Saçı dönüştürdüğünüz ve ilişkilendirmeler yaptığınız sürece yaratırsınız, yaratmaya başlarsınız…

Burada marifet saçı toka, boya, yıkama, kesme, berber çemberinden çıkartmaktır. Farklı anlamlar ve biçimler yükleyebilmektir. Ve en önemlisi ilişkilendirmeler yapabilmektir. İşte o zaman iletişim başlar. O zaman düzenleme başlar. O zaman tasarım başlar.

Görsel düşündüğümüzde görülüyor ki çoğalma var… Ezberleri kırma var. Teklikten çıkmak var. Çoğul olmak var, çok sesli olmak var. Bireysel farklılıklara dayanan zenginlikler var.

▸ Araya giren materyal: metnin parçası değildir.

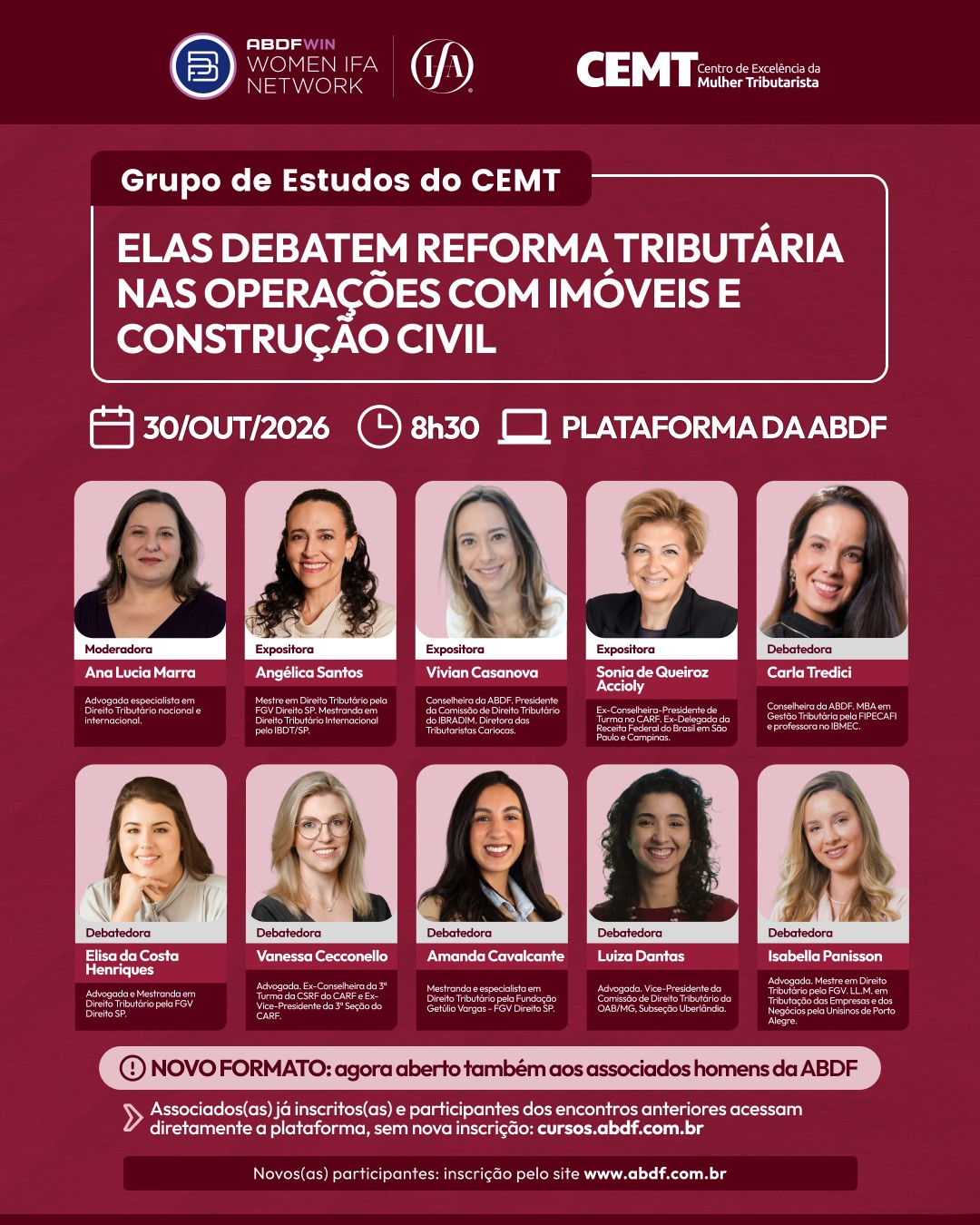 Grupo de Estudos do CEMT, 30 de outubro de 2026: Elas Debatem Reforma Tributária nas Operações com Imóveis e Construção Civil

İletişim çoğalmadır. Ve iletişimin binbir çeşidi vardır. Dersimizin iletişimi sözün yanında renkle, biçimle, tasarımla, yaratıcılıkla gerçekleştirilir…

İletişimde, yaratmada, tasarımların beyinden güne çıkmasında genellemelerin içinde kendi kendinizi yok etmek bulunmaz… İlk sorun budur. Çünkü başkaları değil bunu kendinize siz yapıyorsunuz.

3 haftalık bir süreyi 3 dakikada halletmek, 1 aylık bir araştırma süresine 3 dakika ayırarak baştan sağmalık çalışmalar yapmak sizi ilerletmez. Bir konuda örneğin 4 araştırma yapmakla 20 tane araştırma yapmak, eskiz çizmek beyni, beynin kullanırlılığını ilerletme, yaratıcılığı geliştirme açısından farklı boyut taşır. Ne kadar çok araştırırsak, çok yönlü bir duruşla bunu yaparsak daha çok ilerleriz. Yaratıcılık bir süreçtir. Başlayıp hemen biten bir olay, olgu, yapı değildir.

Konu, önünüze konulanı, gösterileni iyi, kötü, beğendim, beğenmedim demekten öteye taşımaktır. Eleştirel bakışınız bu kadarla bitmemeli. Sizi yaratmaya götürmeli, aktifleştirmeli. Böyle düşünmezseniz, yaratıcı fikir üretemezsiniz, kısacası yaratamazsınız, başkalarının beğenilerine, fikirlerine, gelişmelerine neden olamazsınız… Patent sahibi hiç olmazsınız. Patent konusunda bir dünyaya bir de ülkemize bakınız. Nedeni eğitimden geçer.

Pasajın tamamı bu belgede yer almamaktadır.